Finding the right spot to think is one thing, having the determination to stay there focused on one’s philosophical questions is quite another. The Buddha sat beneath a Pipal tree and vowed that he would not move until he had discovered the secret of life and the cause of suffering. That does seem a bit drastic, but it clearly worked. After a night of struggling with all manner of distractions and temptations, his insight came with the dawn. This book will not necessarily recommend that you determine to stay on holiday until enlightenment comes!
One thing is certain; it’s difficult to be creative when tired – the best ideas come, almost accidentally, when relaxed and receptive. So, to get an intellectual and personal focus on your life, what better place than the beach – of course, there is no need to take that literally, your ‘beach’ may be a mountain track, or a woodland walk, or a deckchair in the back garden. You may be in five star luxury or camping in the corner of some French farmer’s field. You need not even be on holiday to find your ‘beach’ – it is just a metaphor for taking a break from the routine of life and asking yourself What do I really think? What makes sense? What am I looking for in life?

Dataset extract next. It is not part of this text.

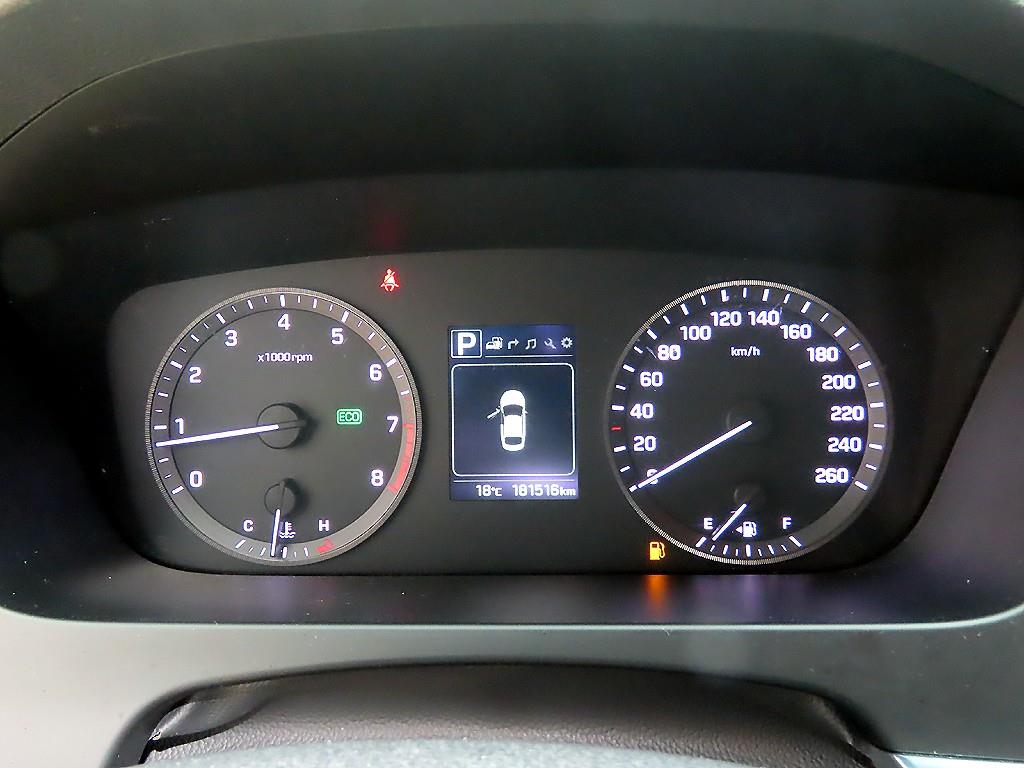 HYUNDAI Sonata - Vista 9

These personal, existential questions are not of course the whole of philosophy. Much that is practised in university departments is highly abstract, analysing meaning, language and logic to a degree that would not be appropriate on a beach. But that does not imply that the more general, existential questions are any less important. Many of the ancient philosophers, from whom we have received the whole tradition of Western thought, were absolutely committed to the question of how we live and what is worthwhile. Plato, the Stoics, the Epicureans, all expected philosophy to make a difference to ordinary life. And in modern times, philosophers such as Hume and Kierkegaard have clearly lived out their philosophy and others, particularly the existentialists, made the question of human significance and meaning primary. Marx was not the only thinker to argue that his task was not merely to understand the world but to change it. Every worthwhile philosophy presents a challenge, always intellectual but sometimes also personal and social.
But clear thinking requires a basic framework and questions to get it started. That is what this book seeks to offer you. Each short chapter will introduce a question; some of these will be more personal, others more abstract. All are designed to challenge habitual ways of thinking.
So this is the moment to dig your toes into the sand, put on your shades, and let your mind freewheel along the gentle undulations of an intellectual path.